## [WORK REQUIRED]
Would you please transcribe the records below exactly, leaving out the pictures?

## [AVAILABLE RECORDS]
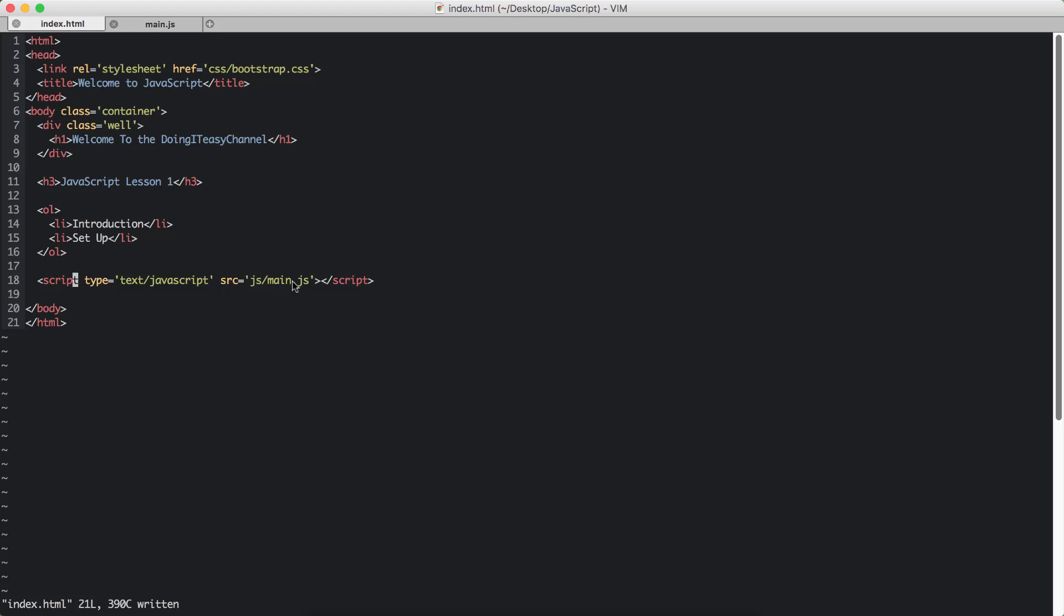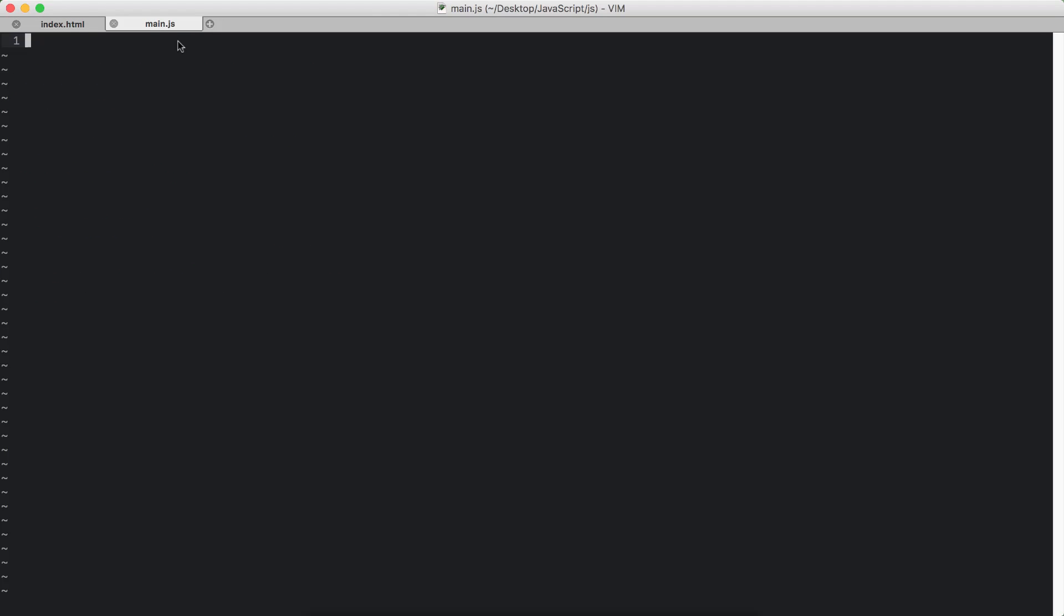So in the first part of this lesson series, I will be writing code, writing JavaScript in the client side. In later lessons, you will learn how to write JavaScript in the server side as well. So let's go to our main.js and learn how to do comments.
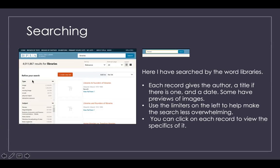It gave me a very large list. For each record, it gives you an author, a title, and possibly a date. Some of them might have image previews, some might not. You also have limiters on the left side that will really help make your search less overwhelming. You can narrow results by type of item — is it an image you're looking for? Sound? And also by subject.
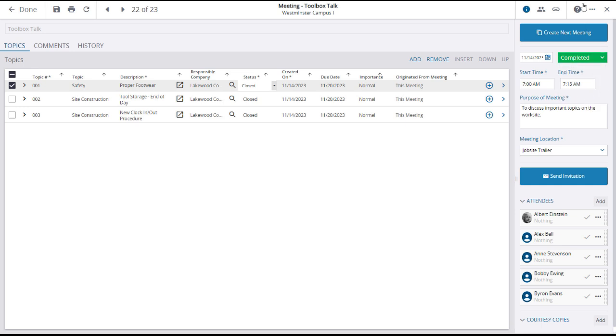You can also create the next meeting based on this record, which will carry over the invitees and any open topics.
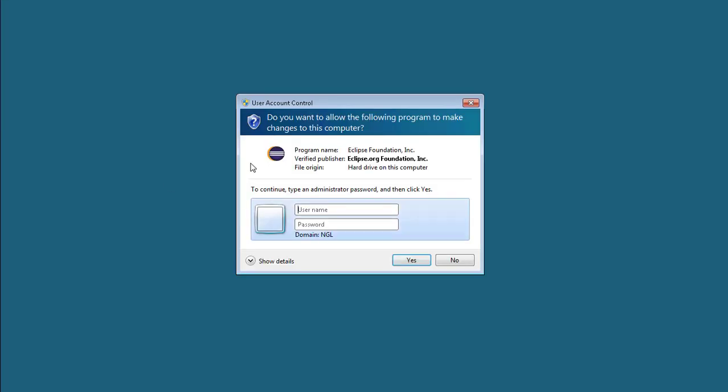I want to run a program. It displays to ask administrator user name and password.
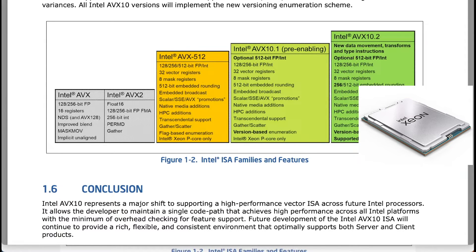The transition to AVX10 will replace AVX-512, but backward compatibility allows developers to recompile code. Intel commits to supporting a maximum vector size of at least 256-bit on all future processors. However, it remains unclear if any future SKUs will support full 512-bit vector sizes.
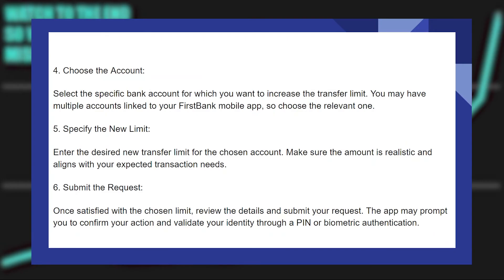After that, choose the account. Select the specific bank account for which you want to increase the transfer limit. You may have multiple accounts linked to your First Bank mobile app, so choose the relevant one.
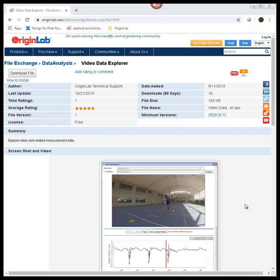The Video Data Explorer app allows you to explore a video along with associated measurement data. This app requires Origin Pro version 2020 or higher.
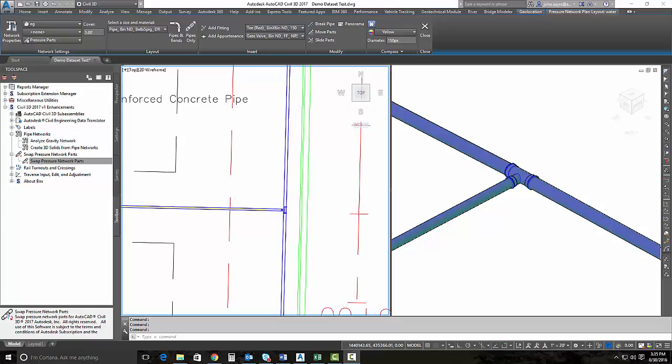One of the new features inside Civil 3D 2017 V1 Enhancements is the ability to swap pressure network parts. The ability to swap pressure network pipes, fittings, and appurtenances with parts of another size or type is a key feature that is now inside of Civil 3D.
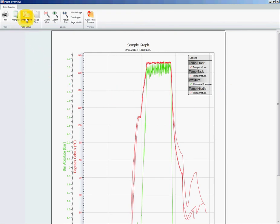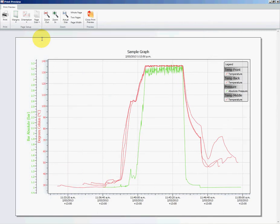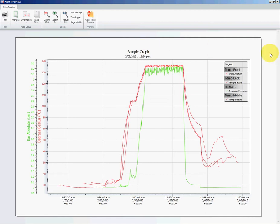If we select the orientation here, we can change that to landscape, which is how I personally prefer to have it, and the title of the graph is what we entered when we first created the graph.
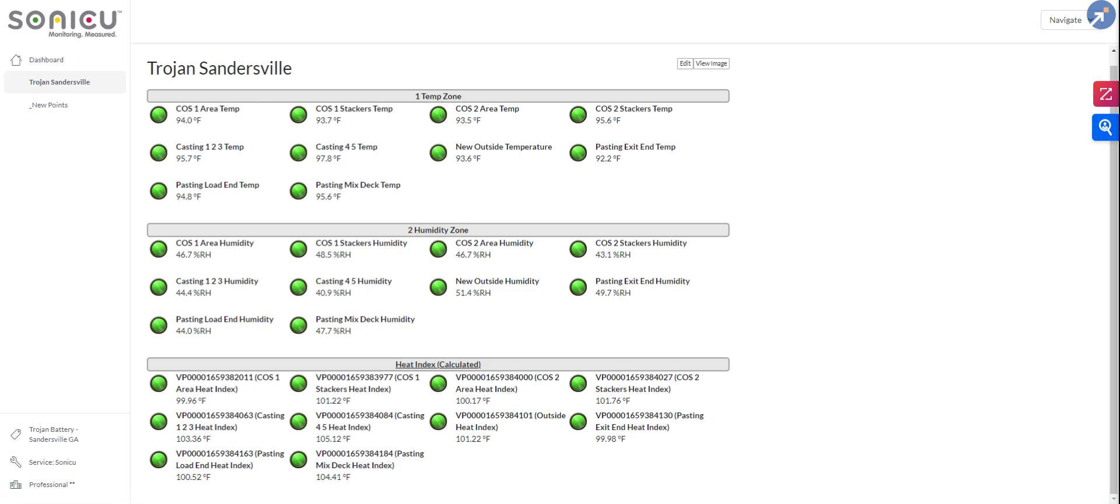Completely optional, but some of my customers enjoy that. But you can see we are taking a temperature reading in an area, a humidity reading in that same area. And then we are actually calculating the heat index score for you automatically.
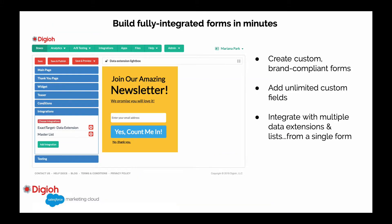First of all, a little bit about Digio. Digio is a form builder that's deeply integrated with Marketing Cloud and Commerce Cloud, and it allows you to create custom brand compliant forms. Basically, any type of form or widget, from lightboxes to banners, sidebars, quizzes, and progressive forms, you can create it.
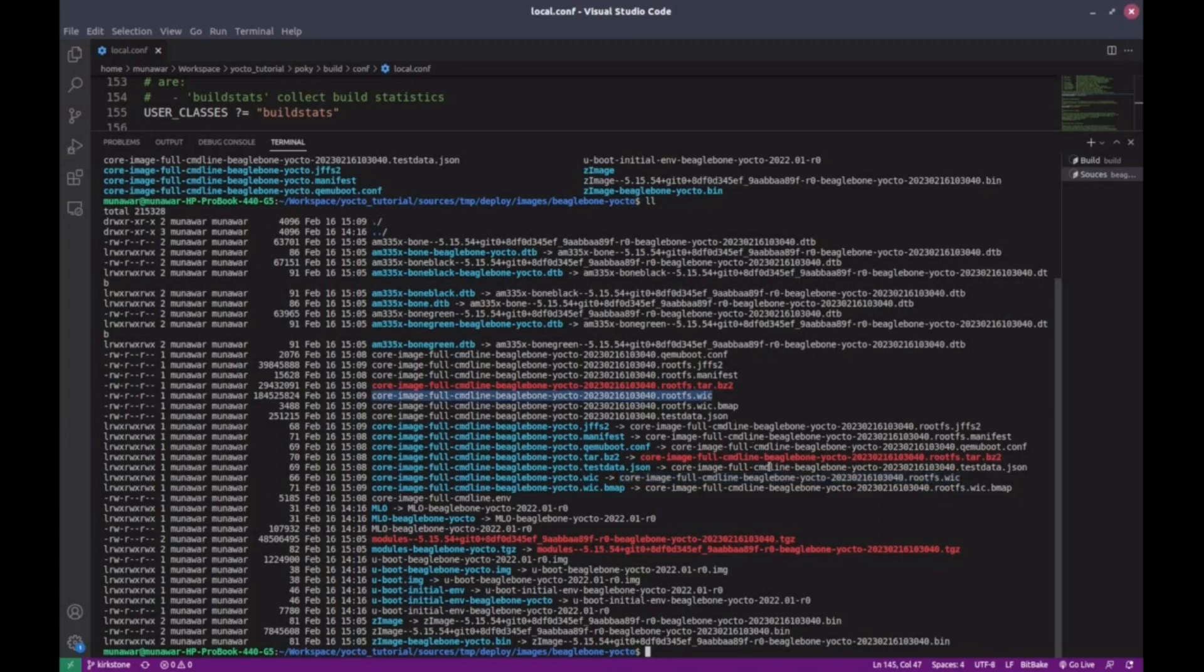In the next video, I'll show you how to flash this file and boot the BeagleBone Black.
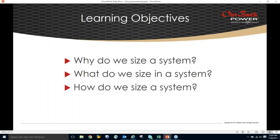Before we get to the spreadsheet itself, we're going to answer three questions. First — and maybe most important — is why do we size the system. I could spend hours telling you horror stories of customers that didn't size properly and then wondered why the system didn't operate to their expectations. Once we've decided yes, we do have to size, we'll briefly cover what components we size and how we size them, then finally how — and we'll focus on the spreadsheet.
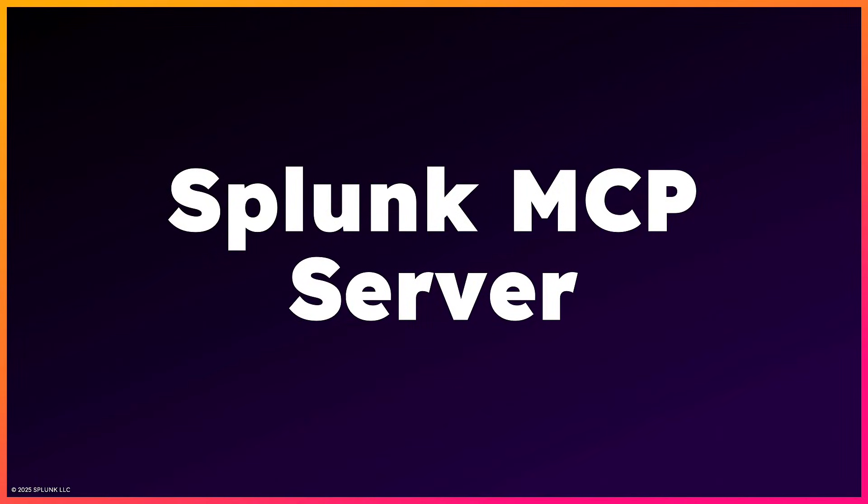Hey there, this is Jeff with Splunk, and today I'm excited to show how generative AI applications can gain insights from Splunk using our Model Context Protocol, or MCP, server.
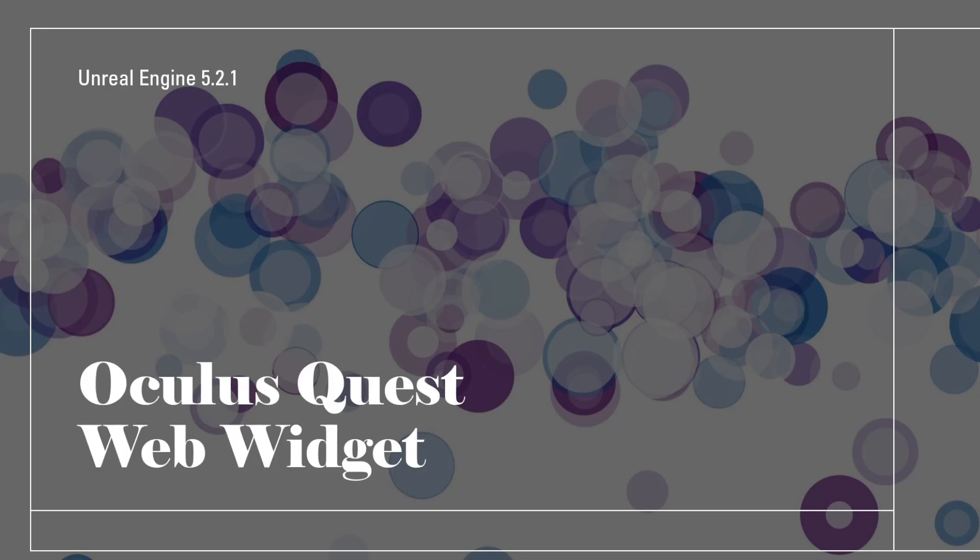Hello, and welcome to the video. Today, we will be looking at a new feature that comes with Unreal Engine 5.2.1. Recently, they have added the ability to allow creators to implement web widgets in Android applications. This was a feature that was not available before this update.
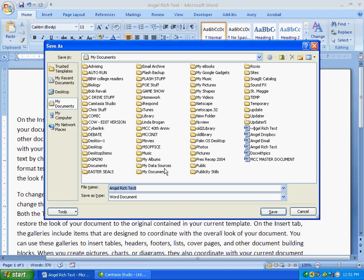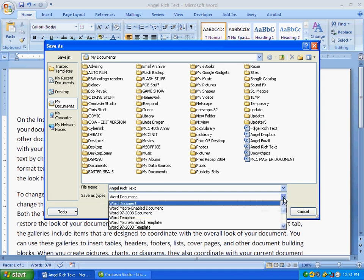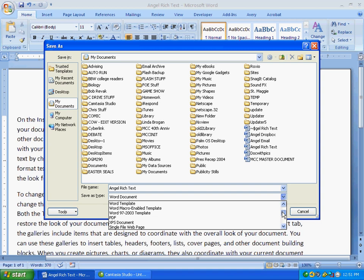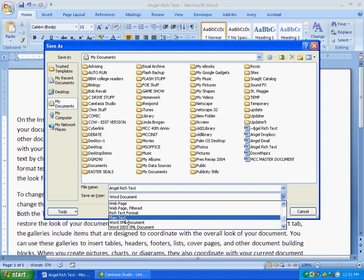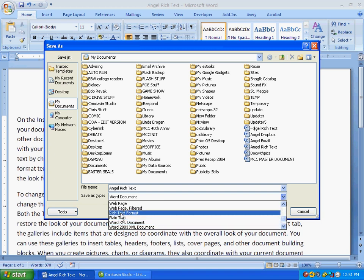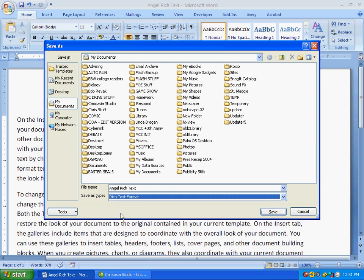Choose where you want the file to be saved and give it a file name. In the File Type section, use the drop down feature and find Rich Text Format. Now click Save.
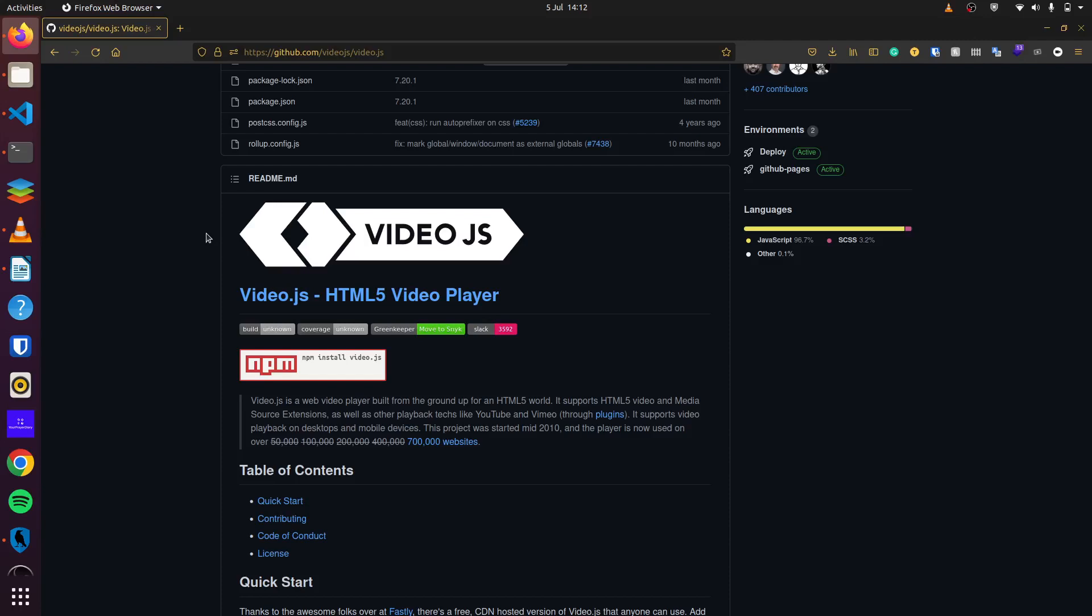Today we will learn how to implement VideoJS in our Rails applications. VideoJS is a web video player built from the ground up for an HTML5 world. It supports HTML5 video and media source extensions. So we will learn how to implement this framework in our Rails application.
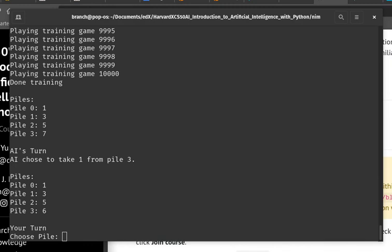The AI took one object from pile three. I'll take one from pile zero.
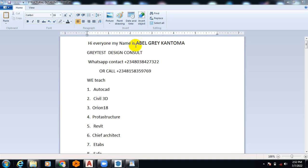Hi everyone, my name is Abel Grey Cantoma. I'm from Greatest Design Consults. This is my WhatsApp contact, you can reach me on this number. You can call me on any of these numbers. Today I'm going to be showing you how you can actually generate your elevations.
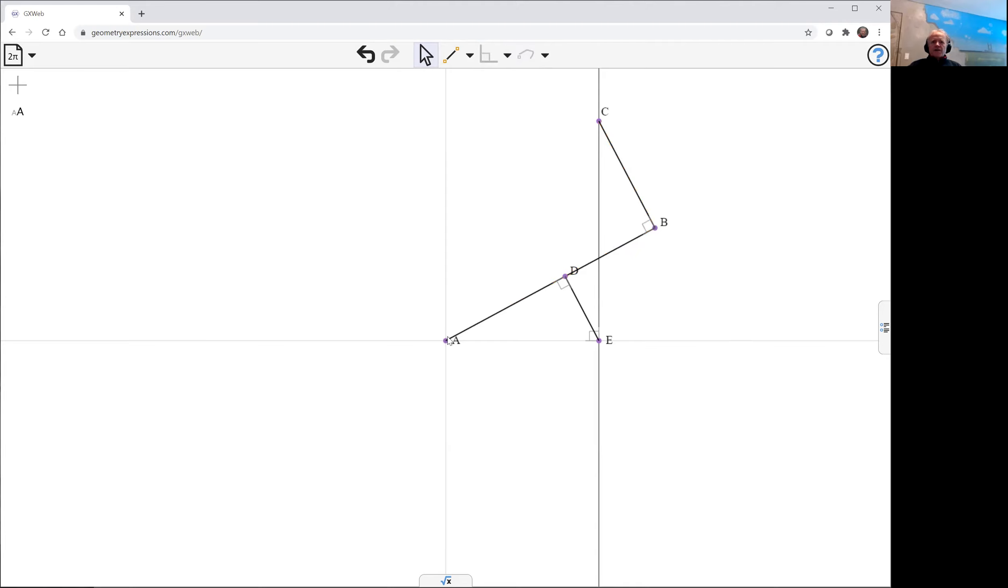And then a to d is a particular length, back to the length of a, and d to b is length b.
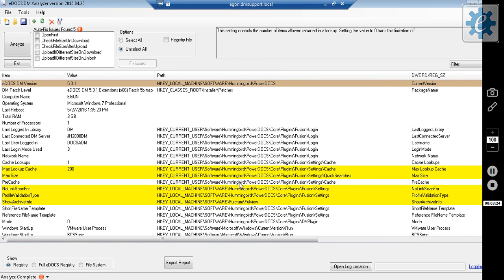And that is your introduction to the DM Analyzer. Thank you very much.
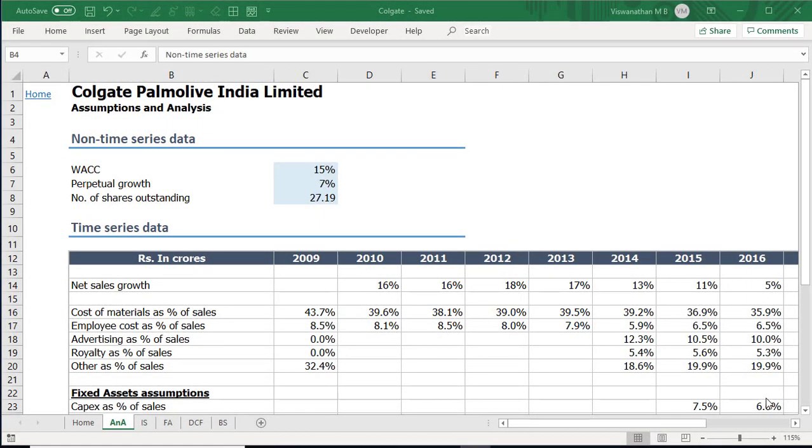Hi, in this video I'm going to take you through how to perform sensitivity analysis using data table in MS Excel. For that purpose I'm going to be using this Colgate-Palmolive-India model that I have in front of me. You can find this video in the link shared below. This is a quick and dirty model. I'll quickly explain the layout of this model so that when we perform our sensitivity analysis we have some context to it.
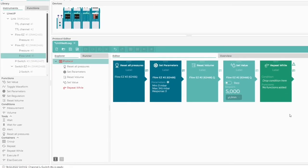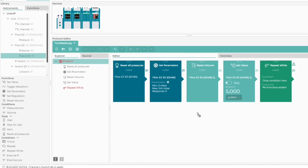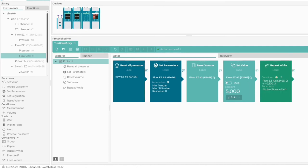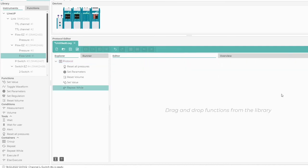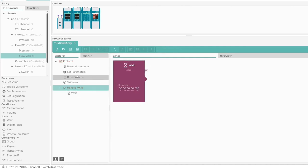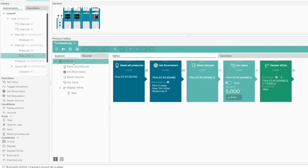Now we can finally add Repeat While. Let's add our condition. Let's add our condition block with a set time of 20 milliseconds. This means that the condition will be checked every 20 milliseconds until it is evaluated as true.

## [SOLUTION]
So in the first part of this lesson series, I will be writing code, writing JavaScript in the client side. In later lessons, you will learn how to write JavaScript in the server side as well. So let's go to our main.js and learn how to do comments.
It gave me a very large list. For each record, it gives you an author, a title, and possibly a date. Some of them might have image previews, some might not. You also have limiters on the left side that will really help make your search less overwhelming. You can narrow results by type of item — is it an image you're looking for? Sound? And also by subject.
You can also create the next meeting based on this record, which will carry over the invitees and any open topics.
I want to run a program. It displays to ask administrator user name and password.
The transition to AVX10 will replace AVX-512, but backward compatibility allows developers to recompile code. Intel commits to supporting a maximum vector size of at least 256-bit on all future processors. However, it remains unclear if any future SKUs will support full 512-bit vector sizes.
After that, choose the account. Select the specific bank account for which you want to increase the transfer limit. You may have multiple accounts linked to your First Bank mobile app, so choose the relevant one.
The Video Data Explorer app allows you to explore a video along with associated measurement data. This app requires Origin Pro version 2020 or higher.
One of the new features inside Civil 3D 2017 V1 Enhancements is the ability to swap pressure network parts. The ability to swap pressure network pipes, fittings, and appurtenances with parts of another size or type is a key feature that is now inside of Civil 3D.
If we select the orientation here, we can change that to landscape, which is how I personally prefer to have it, and the title of the graph is what we entered when we first created the graph.
Completely optional, but some of my customers enjoy that. But you can see we are taking a temperature reading in an area, a humidity reading in that same area. And then we are actually calculating the heat index score for you automatically.
First of all, a little bit about Digio. Digio is a form builder that's deeply integrated with Marketing Cloud and Commerce Cloud, and it allows you to create custom brand compliant forms. Basically, any type of form or widget, from lightboxes to banners, sidebars, quizzes, and progressive forms, you can create it.
In the next video, I'll show you how to flash this file and boot the BeagleBone Black.
Before we get to the spreadsheet itself, we're going to answer three questions. First — and maybe most important — is why do we size the system. I could spend hours telling you horror stories of customers that didn't size properly and then wondered why the system didn't operate to their expectations. Once we've decided yes, we do have to size, we'll briefly cover what components we size and how we size them, then finally how — and we'll focus on the spreadsheet.
Hey there, this is Jeff with Splunk, and today I'm excited to show how generative AI applications can gain insights from Splunk using our Model Context Protocol, or MCP, server.
Hello, and welcome to the video. Today, we will be looking at a new feature that comes with Unreal Engine 5.2.1. Recently, they have added the ability to allow creators to implement web widgets in Android applications. This was a feature that was not available before this update.
Choose where you want the file to be saved and give it a file name. In the File Type section, use the drop down feature and find Rich Text Format. Now click Save.
Today we will learn how to implement VideoJS in our Rails applications. VideoJS is a web video player built from the ground up for an HTML5 world. It supports HTML5 video and media source extensions. So we will learn how to implement this framework in our Rails application.
The AI took one object from pile three. I'll take one from pile zero.
Hi everyone, my name is Abel Grey Cantoma. I'm from Greatest Design Consults. This is my WhatsApp contact, you can reach me on this number. You can call me on any of these numbers. Today I'm going to be showing you how you can actually generate your elevations.
And then a to d is a particular length, back to the length of a, and d to b is length b.
And that is your introduction to the DM Analyzer. Thank you very much.
Hi, in this video I'm going to take you through how to perform sensitivity analysis using data table in MS Excel. For that purpose I'm going to be using this Colgate-Palmolive-India model that I have in front of me. You can find this video in the link shared below. This is a quick and dirty model. I'll quickly explain the layout of this model so that when we perform our sensitivity analysis we have some context to it.
Now we can finally add Repeat While. Let's add our condition. Let's add our condition block with a set time of 20 milliseconds. This means that the condition will be checked every 20 milliseconds until it is evaluated as true.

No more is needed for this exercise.